L’INFO. La justice avait décidé qu’ils devraient désormais fermer le dimanche, mais 14 des 15 magasins Castorama et Leroy Merlin concernés par le jugement ont tout de même accueilli des clients dimanche. La fronde des enseignes de bricolage du groupe Mulliez pose à nouveau la question de l’ouverture dominicale des magasins et des inégalités liées à la législation actuelle.

Une législation injuste ? A l’heure actuelle, le principe de base est inscrit dans l’article 3132-3 du Code du Travail (lien): le repos hebdomadaire doit être donné le dimanche. L’idée a d’ailleurs été récemment confirmée par la Cour de cassation dans un jugement datant du 17 octobre 2012.

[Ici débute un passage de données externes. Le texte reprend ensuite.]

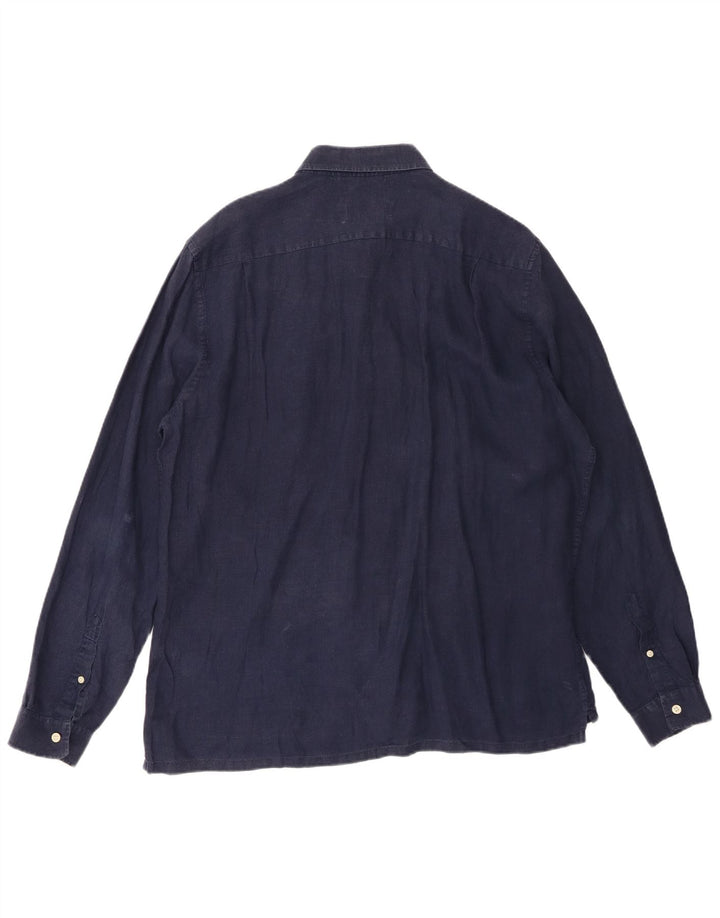 LACOSTE Herren-Hemd mit normaler Passform, Größe 43, großes marineblaues Leinen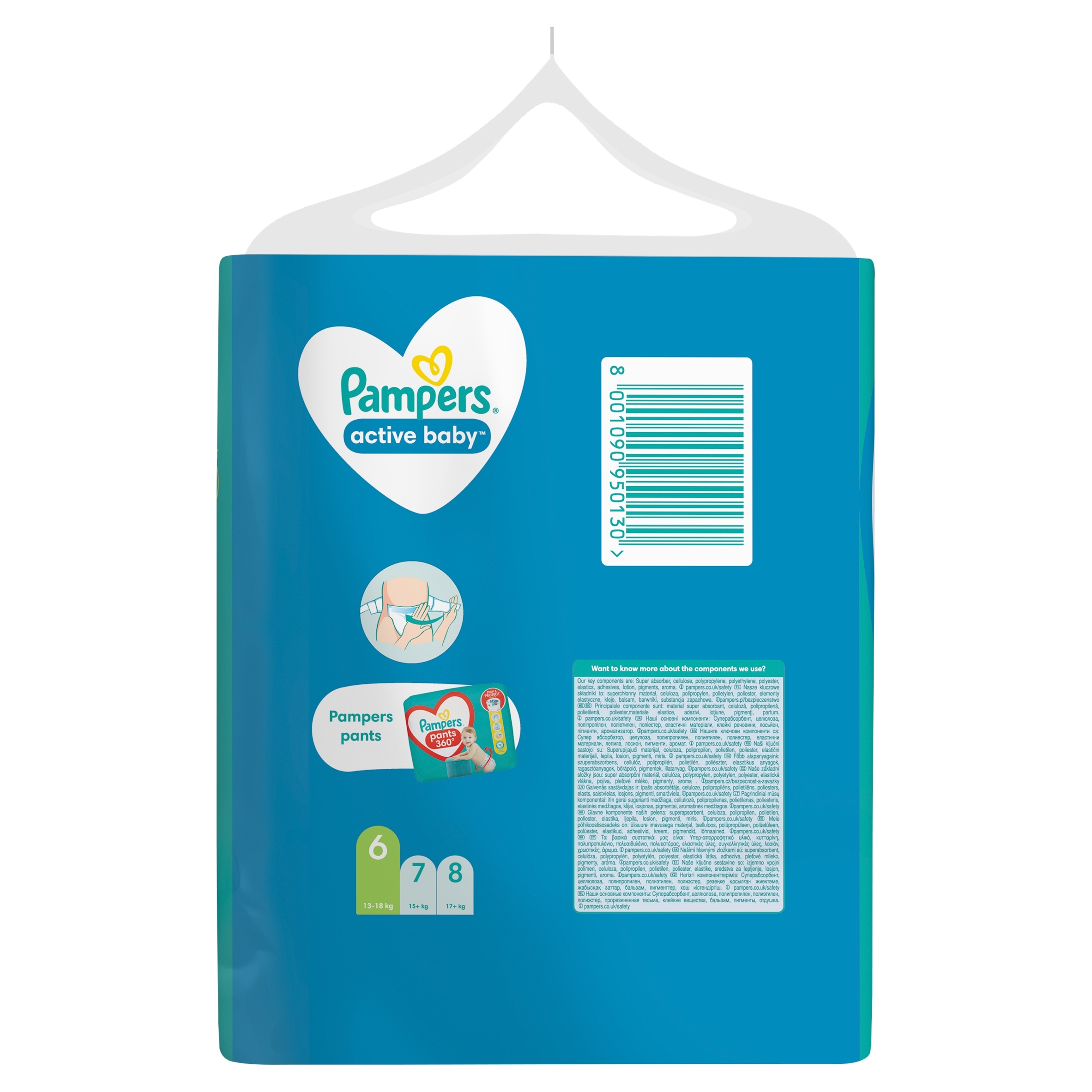 PAMPERS Active Baby Pieluszki Rozmiar 6 56szt 13-18kg - obrazek 8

Des dérogations sont toutefois prévues pour certains types de commerce comme la restauration, les musées, les entreprises de presse ou l'ameublement et depuis la loi Mallié de 2009 dans les zones d’intérêt touristique et les Périmètres d’Usage de Consommation Exceptionnel (PUCE). La décision se fait au niveau de la préfecture de région et peut parfois être injuste. “On peut avoir deux magasins à 100 mètres l’un de l’autre, l’un a le droit d’ouvrir et l’autre non”, illustre pour Europe1.fr Thierry Vallat, avocat spécialiste du droit du travail.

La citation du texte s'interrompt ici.